The first pass grabbed the title, date, and URL of each journal issue. This allowed me to use an R script to create a metadata guide for each of the journal issues.
The second pass from Import.io scraped links to the PDFs from the journal-level pages. After scraping the data, I extracted the URLs from the data and created a
url-clean.csv
file. That file became the input forwget
to download the PDFs in bulk.
library(dplyr)
library(readr)
library(lubridate)
library(ggplot2)
library(rvest)
library(stringr)
#' Clean up metadata information from Environment & Society
#'
#' The code below uses scraped data from Import.io to compile and clean up
#' information about Earth First! journals. The first output, metadata-clean.csv,
#' provides metadata about journal titles and dates. The second output, pdf-clean.csv
#' and urls-clean.csv, provides a set of clean URLs to download the articles themselves.
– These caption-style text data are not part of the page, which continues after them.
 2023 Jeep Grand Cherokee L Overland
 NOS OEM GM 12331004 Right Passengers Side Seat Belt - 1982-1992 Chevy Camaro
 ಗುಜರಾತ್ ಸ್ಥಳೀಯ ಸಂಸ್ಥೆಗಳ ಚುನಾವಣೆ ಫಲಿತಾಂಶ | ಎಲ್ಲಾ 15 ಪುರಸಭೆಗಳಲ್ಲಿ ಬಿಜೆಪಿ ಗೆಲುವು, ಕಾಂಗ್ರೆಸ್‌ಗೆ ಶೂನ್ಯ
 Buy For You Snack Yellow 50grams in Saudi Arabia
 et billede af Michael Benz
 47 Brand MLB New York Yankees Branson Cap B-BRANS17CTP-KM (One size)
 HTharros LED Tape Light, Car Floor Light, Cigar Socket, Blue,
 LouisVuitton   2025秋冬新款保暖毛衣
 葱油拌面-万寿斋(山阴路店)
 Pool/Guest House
# Clean up metadata information
# -----------------------------------------------------------------------------
metadata <- read_csv("metadata.csv")
# remove spaces in variables
names(metadata) <- sub(" ", "_", names(metadata))
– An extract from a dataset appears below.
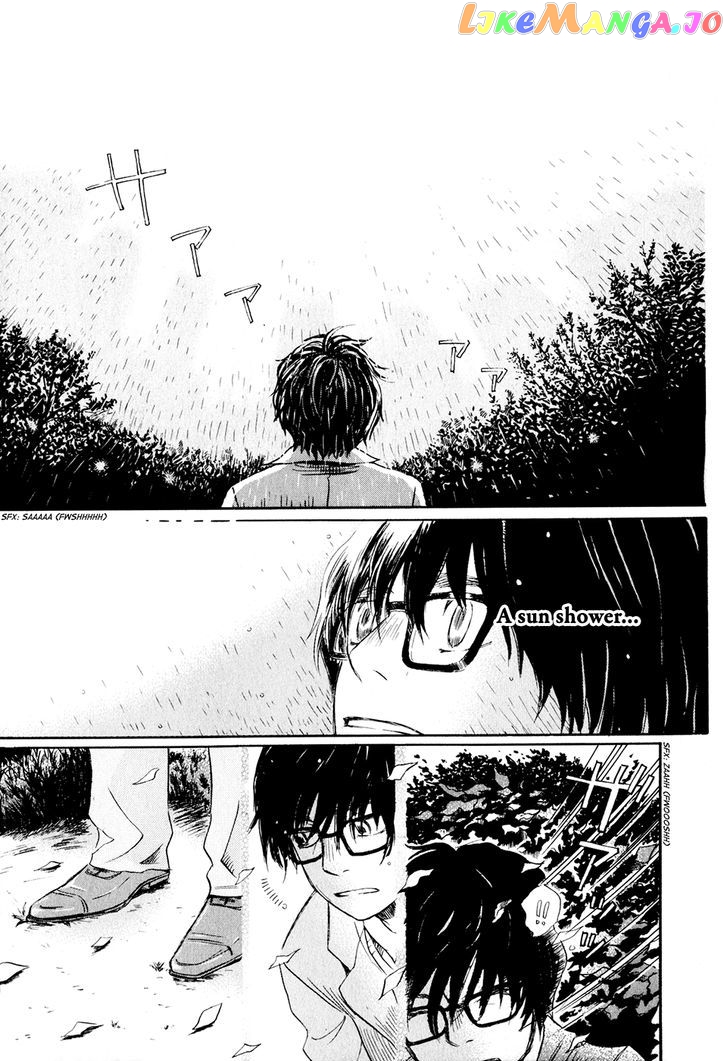 Read 3-Gatsu No Lion (EN) Manga Online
names(metadata) <- tolower(names(metadata))
metadata.clean <- metadata %>%
mutate(date_clean = dmy(date_value))
metadata.clean <- metadata.clean %>%
mutate(year = year(date_clean))
# Save clean
write_csv(metadata.clean, "metadata-clean.csv", na = "")
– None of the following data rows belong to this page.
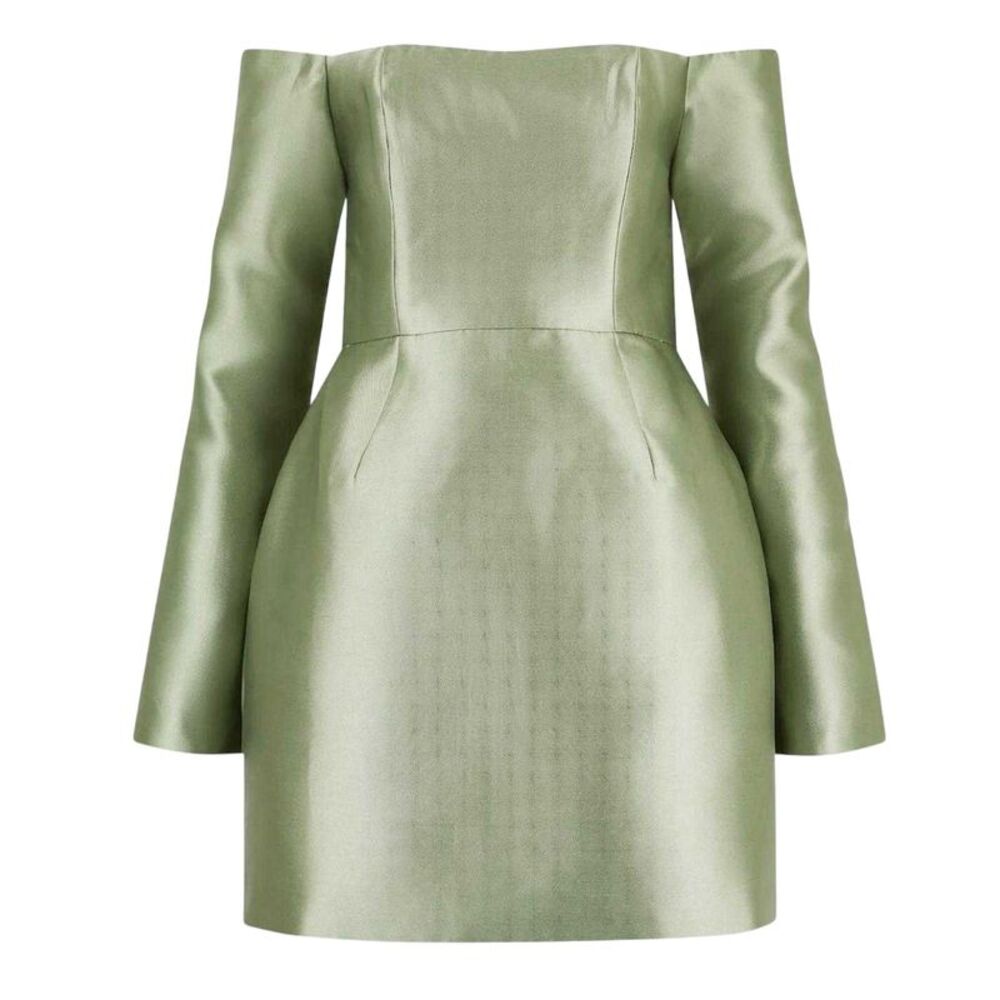 Odd Muse Womens/Ladies Om The Ultimate Mini Dress / Green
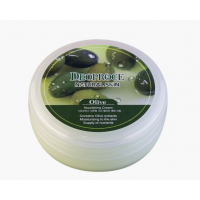 Питательный крем для рук и тела с оливой Deoproce Natural Skin Olive Nourishing Cream 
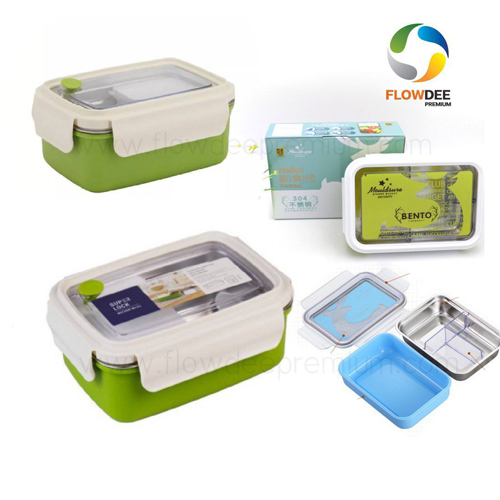 กล่องข้าวใส่อาหาร 1 ชั้น FGB023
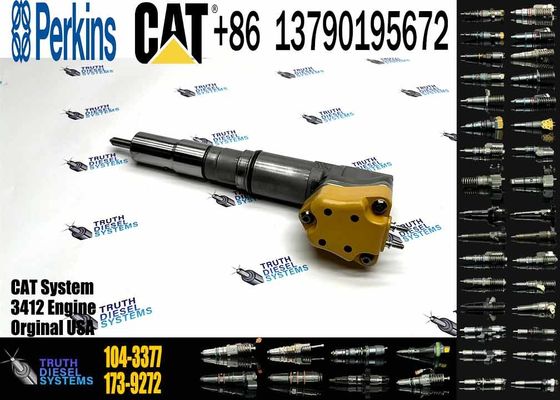 Diesel Engine Injector111-7916 104-3377 173-4061 0R-9803 0R-9348 116-3526 173-9267For Caterpillar C3126 Common Rail
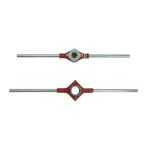   HAUPA 140214 Menetmetsző fejek kompletten, metrikus menethez M 16/20/25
# Load in PDF data and extract URLs
# -----------------------------------------------------------------------------
csv_data <- read_csv("pdfs.csv")
url_pattern <- "http[s]?://(?:[a-zA-Z]|[0-9]|[$-_@.&+]|[!*\\(\\),]|(?:%[0-9a-fA-F][0-9a-fA-F]))+"
csv_data$url_clean <- str_extract(csv_data$url, url_pattern)
# For use with wget, I need a list of just URLs
url_alone <- csv_data$url_clean
url_alone <- as.data.frame(url_alone)
write_csv(csv_data, "pdf-clean.csv", na="")
write_csv(url_alone, "urls-clean.csv", na="")
Using wget
to download PDFs:
wget --wait=5 --random-wait -i urls-clean.csv
- Using a
Makefile
, we will OCR each of the pages of the journal to extract text and clean them up with an R script.
OCR_OUTPUTS := $(patsubst pdf/#.pdf, text/%.txt, $(wildcard pdf/*.pdf))
CLEAN_TEXTS := $(patsubst text/%.txt, eh-journals/%.txt, $(wildcard text/*.txt))
texts: $(CLEAN_TEXTS)
lsh: cache/corpus-lsh.rda
eh-journals/%.txt: text/%.txt
Rscript --vanilla scripts/clean-text.R $^ $@
text/%.txt: temp/%.txt
cp $^ $@
temp/%.txt: pdf/%.pdf
mkdir -p temp
@echo "\nBursting $^ into separate files"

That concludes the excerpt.